Opposition Party Wins In India
The ruling Hindu nationalist party conceded electoral defeat Thursday, opening the way for Sonia Gandhi to become India's first foreign-born leader and restore her family's dynasty to power in a dramatic political upset in the world's largest democracy.
Unofficial results indicated that millions of rural poor people abandoned Prime Minister Atal Bihari Vajpayee, believing they had been left behind by the country's economic boom and rejecting his Hindus-first message in favor of the secularism of Gandhi's Congress party.
Vajpayee is expected to resign. His decision to call the election six months early was a devastating miscalculation.
After more than four hours of vote-counting for 539 of Parliament's 543 elected seats, all television stations cited unofficial figures showing Gandhi's bloc ahead of the governing alliance.
"We have not got the mandate of the people," said Venkaiah Naidu, president of Vajpayee's Bharatiya Janata Party, adding that the decision to concede defeat was taken at a 90-minute meeting of the BJP and its allied party leaders.
The opposition Congress party and its allies had earlier claimed victory and declared that Sonia Gandhi, who was born in Italy and is the widow of assassinated Prime Minister Rajiv Gandhi, would be the next leader.
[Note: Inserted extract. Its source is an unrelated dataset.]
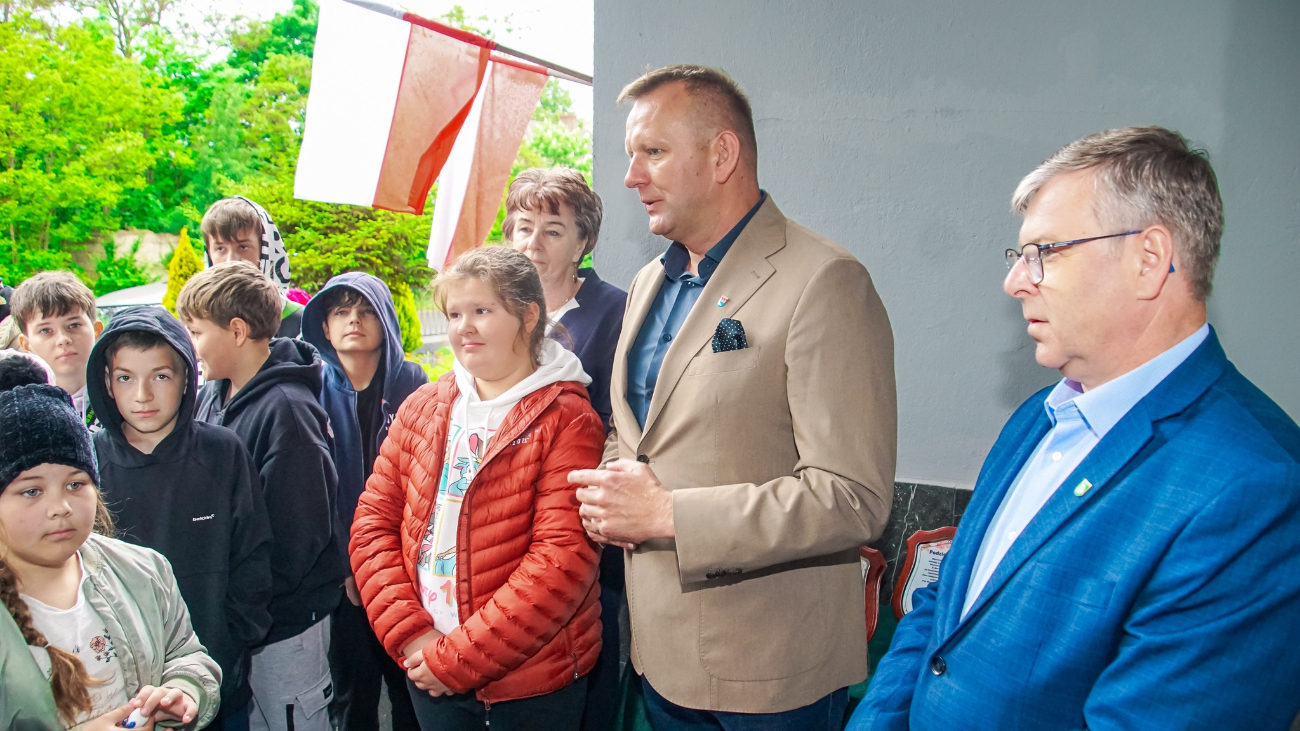 To urządzenie ratuje życie. Dziś trafiło do szkoły w Drążnej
Before the five-phased elections, which began April 20, Vajpayee and his 11-member National Democratic Alliance had been expected to win enough seats to eventually form a government and rule the country for another five years.
It was an embarrassing defeat for Vajpayee's Hindu nationalist-led government, which had called elections ahead of time, confident of increasing its majority in Parliament, based on a fast-growing economy and prospects of peace with Pakistan.
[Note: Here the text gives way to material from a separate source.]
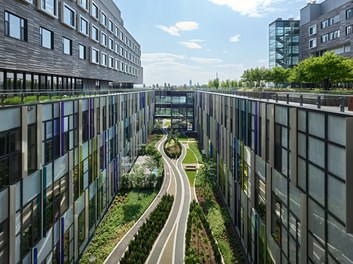 Hospital Krankenhaus Nord - courtyard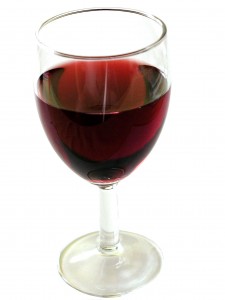 Glass_wine_white_background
But Congress focused its campaign on the country's 300 million people who still live on less than a dollar a day. It hammered away at the lack of even basic infrastructure, electricity and potable water for millions of rural poor.
A leader in Vajpayee's coalition said the results were "totally against our expectations."
Gandhi's two children, Rahul and Priyanka, are up-and-coming politicians and Rahul was elected to parliament on Thursday.
The Gandhi dynasty dominated Indian politics since independence from British colonial rule in 1947. Jawaharlal Nehru, India's first prime minister, headed the country from independence until his 1964 death. He was followed by his daughter, Indira Gandhi, who was killed by her own bodyguards in 1984.
Rajiv, her son and Sonia's husband, took power and ruled until 1989. Two years later, he too was assassinated.
During the campaign, Mahajan had called Gandhi's Indian-born children foreigners and had stoked the debate — dubbed the "Sonia factor" — over whether a foreign-born citizen should rule India.
Outside Sonia Gandhi's residence, supporters celebrated with drums and firecrackers.
"They said she is a foreigner, but the people have given them a reply," said Rati Lal Kala, 35, carrying a huge Congress flag and wearing a scarf in Congress' saffron, white and green colors.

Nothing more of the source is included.